The Colorado Fuel and Steel Company, owned by John D. Rockefeller Jr. at the time of the strike, was the region’s leading business. The railroad, which transported coal north and south, protected the mine owners. When negotiations failed to make headway, the strikers were driven out of the company town. The UMW pitched tents on the lush, windy plain leading to the mines. The strikebreakers used armored cars, known as “Death Specials,” provided by Rockefeller’s company, to fire on the camp.
Ironically, the day before the shooting began, the miners and guards had been playing a baseball game to celebrate Orthodox Easter. Fighting began in the morning and continued throughout the day, leaving four women and 11 children dead in a hole under a tent that had been burned down by a fire set by the guards.

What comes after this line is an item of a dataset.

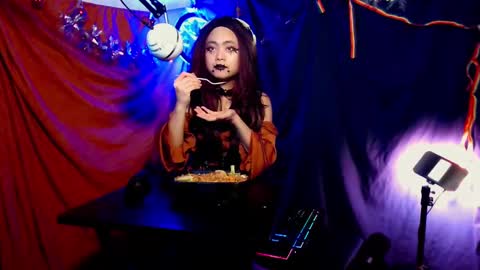 Snapshot of azazelgains chatting on December 8, 2024, 5:29 am Azazel online show from December 8, 2024, 5:29 am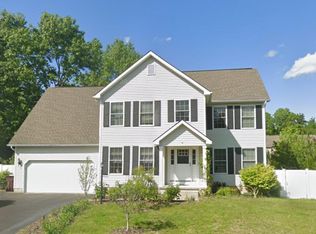 6 Backstretch Ct, Saratoga Springs, NY 12866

The strike ended without victory for the UMW on December 10, 1914. However, its legacy was different. This act in labor history led to many reforms, including the 40-hour work week, improvements to working and living conditions for coal miners, and the beginning of the right to organize to negotiate workers’ rights. Colorado’s current family leave law, which was fortunately passed by the legislature, is a current example of this progress for workers’ rights.
The Southeast History Tour finally heads north on I-25 through Pueblo, a great riverside walk along the Arkansas River, Colorado Springs, Castle Rock and back to the metro area again. This tour is the tip of the plains in terms of eastern Colorado’s contributions to the state’s history. Next spring or summer, the tour will head into central and northeastern Colorado to explore what’s going on there.
Paula Noonan is the owner of Colorado Capitol Watch, a platform that tracks Colorado’s Congress.